Stored items from a collection:
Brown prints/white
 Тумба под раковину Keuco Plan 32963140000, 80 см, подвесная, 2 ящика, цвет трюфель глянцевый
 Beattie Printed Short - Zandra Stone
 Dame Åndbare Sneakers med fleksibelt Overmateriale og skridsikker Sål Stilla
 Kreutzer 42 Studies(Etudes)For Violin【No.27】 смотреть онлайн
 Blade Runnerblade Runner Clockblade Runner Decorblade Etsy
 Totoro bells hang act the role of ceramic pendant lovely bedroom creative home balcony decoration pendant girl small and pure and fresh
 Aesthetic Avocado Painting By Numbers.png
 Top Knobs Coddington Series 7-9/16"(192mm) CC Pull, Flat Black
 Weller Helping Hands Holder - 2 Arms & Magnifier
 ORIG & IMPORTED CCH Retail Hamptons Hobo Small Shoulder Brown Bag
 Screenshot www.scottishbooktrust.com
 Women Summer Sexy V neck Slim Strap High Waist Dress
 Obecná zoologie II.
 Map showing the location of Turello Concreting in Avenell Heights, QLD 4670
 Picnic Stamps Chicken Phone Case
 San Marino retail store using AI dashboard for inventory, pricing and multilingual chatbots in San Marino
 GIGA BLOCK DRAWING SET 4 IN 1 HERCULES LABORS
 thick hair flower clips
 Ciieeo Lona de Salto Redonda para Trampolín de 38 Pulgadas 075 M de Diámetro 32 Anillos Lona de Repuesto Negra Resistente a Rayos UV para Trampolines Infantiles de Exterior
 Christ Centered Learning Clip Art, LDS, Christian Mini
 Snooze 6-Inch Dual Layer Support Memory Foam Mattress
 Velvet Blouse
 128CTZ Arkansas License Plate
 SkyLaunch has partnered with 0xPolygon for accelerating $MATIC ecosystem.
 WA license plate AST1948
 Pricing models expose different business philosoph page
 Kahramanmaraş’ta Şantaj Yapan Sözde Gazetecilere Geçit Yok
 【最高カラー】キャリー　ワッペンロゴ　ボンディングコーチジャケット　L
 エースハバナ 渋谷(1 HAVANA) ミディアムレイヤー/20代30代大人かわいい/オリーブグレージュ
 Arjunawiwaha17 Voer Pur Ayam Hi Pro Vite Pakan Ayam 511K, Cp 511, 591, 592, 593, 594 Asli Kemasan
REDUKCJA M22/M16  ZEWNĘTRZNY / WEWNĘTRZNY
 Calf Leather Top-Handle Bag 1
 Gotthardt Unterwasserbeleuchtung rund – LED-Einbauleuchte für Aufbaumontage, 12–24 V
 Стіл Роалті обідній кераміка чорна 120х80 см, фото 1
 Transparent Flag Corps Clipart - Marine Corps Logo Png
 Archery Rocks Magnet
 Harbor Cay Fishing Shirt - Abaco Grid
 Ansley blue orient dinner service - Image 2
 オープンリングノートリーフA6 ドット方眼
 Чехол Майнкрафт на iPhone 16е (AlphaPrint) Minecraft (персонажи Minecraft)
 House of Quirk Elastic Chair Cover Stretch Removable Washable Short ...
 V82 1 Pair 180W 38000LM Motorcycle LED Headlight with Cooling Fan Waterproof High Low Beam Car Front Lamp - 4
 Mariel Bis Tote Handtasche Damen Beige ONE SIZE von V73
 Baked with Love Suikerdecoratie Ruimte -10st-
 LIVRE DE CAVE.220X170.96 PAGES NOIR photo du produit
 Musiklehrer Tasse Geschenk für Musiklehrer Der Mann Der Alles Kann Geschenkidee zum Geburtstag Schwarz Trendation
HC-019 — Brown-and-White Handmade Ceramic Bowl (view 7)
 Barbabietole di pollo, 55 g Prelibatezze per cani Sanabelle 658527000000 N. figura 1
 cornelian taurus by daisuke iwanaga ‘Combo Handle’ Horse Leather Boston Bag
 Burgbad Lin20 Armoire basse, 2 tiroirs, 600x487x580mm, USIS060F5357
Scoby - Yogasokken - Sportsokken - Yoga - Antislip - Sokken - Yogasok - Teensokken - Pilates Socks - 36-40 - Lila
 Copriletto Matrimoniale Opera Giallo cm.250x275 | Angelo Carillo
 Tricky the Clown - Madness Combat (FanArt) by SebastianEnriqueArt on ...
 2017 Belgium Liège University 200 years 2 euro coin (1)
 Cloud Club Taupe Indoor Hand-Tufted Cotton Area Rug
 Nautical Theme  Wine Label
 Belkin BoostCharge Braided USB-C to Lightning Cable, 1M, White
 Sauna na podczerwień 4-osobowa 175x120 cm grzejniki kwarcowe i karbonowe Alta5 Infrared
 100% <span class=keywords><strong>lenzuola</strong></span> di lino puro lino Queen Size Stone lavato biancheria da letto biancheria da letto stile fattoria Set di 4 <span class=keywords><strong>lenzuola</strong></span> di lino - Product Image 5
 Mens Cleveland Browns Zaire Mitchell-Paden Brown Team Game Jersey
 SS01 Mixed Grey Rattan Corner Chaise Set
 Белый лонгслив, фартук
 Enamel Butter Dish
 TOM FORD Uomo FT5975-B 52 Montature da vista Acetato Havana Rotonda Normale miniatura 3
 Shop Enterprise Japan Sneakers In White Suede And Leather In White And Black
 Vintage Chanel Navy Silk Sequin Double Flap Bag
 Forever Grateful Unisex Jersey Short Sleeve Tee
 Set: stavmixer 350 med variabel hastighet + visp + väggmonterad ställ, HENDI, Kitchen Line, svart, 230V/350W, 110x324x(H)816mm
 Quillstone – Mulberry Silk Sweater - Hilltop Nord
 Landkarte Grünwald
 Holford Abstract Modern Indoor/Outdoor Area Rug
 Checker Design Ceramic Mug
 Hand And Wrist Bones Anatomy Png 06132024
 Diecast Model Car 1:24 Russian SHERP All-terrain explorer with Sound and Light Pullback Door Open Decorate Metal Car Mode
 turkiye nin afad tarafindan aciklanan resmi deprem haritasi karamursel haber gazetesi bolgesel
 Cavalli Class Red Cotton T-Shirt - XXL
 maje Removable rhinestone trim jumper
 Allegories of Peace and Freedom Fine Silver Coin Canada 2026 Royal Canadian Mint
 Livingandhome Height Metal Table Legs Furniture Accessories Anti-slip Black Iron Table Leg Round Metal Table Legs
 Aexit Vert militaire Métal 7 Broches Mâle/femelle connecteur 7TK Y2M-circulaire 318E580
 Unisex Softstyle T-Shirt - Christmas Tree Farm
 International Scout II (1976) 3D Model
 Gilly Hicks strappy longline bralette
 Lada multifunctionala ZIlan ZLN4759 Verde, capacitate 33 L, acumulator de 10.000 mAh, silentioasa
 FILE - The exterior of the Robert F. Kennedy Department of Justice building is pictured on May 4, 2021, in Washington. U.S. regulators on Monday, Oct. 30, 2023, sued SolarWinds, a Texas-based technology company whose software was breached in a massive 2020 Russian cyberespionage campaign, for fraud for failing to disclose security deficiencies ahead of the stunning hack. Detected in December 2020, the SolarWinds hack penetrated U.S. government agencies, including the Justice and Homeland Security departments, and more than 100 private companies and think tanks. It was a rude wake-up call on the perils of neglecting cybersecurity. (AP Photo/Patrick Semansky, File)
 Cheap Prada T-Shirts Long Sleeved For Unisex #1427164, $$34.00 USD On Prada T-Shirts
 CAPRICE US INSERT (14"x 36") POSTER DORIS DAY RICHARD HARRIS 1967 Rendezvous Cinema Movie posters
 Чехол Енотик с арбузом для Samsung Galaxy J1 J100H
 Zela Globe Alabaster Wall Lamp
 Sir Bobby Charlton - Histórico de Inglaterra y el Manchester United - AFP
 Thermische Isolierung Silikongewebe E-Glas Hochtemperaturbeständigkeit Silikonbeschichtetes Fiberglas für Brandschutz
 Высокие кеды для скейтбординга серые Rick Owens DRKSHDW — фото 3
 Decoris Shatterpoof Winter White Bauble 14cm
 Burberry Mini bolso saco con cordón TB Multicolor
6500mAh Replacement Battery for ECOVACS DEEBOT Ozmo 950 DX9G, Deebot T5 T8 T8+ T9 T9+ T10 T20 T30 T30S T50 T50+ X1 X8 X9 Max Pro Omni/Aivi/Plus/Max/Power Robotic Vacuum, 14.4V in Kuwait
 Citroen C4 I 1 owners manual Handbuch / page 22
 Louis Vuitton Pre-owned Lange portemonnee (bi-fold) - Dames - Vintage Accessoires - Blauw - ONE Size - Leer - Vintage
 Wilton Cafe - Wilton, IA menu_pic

### TASK DETAILS
Above are the entries. Copy exactly the part that opens with the line containing "Velvet Blouse" and closes with the line containing "HC-019 — Brown-and-White", and no more.

### ANSWER TO THIS EXERCISE
 Velvet Blouse
 128CTZ Arkansas License Plate
 SkyLaunch has partnered with 0xPolygon for accelerating $MATIC ecosystem.
 WA license plate AST1948
 Pricing models expose different business philosoph page
 Kahramanmaraş’ta Şantaj Yapan Sözde Gazetecilere Geçit Yok
 【最高カラー】キャリー　ワッペンロゴ　ボンディングコーチジャケット　L
 エースハバナ 渋谷(1 HAVANA) ミディアムレイヤー/20代30代大人かわいい/オリーブグレージュ
 Arjunawiwaha17 Voer Pur Ayam Hi Pro Vite Pakan Ayam 511K, Cp 511, 591, 592, 593, 594 Asli Kemasan
REDUKCJA M22/M16  ZEWNĘTRZNY / WEWNĘTRZNY
 Calf Leather Top-Handle Bag 1
 Gotthardt Unterwasserbeleuchtung rund – LED-Einbauleuchte für Aufbaumontage, 12–24 V
 Стіл Роалті обідній кераміка чорна 120х80 см, фото 1
 Transparent Flag Corps Clipart - Marine Corps Logo Png
 Archery Rocks Magnet
 Harbor Cay Fishing Shirt - Abaco Grid
 Ansley blue orient dinner service - Image 2
 オープンリングノートリーフA6 ドット方眼
 Чехол Майнкрафт на iPhone 16е (AlphaPrint) Minecraft (персонажи Minecraft)
 House of Quirk Elastic Chair Cover Stretch Removable Washable Short ...
 V82 1 Pair 180W 38000LM Motorcycle LED Headlight with Cooling Fan Waterproof High Low Beam Car Front Lamp - 4
 Mariel Bis Tote Handtasche Damen Beige ONE SIZE von V73
 Baked with Love Suikerdecoratie Ruimte -10st-
 LIVRE DE CAVE.220X170.96 PAGES NOIR photo du produit
 Musiklehrer Tasse Geschenk für Musiklehrer Der Mann Der Alles Kann Geschenkidee zum Geburtstag Schwarz Trendation
HC-019 — Brown-and-White Handmade Ceramic Bowl (view 7)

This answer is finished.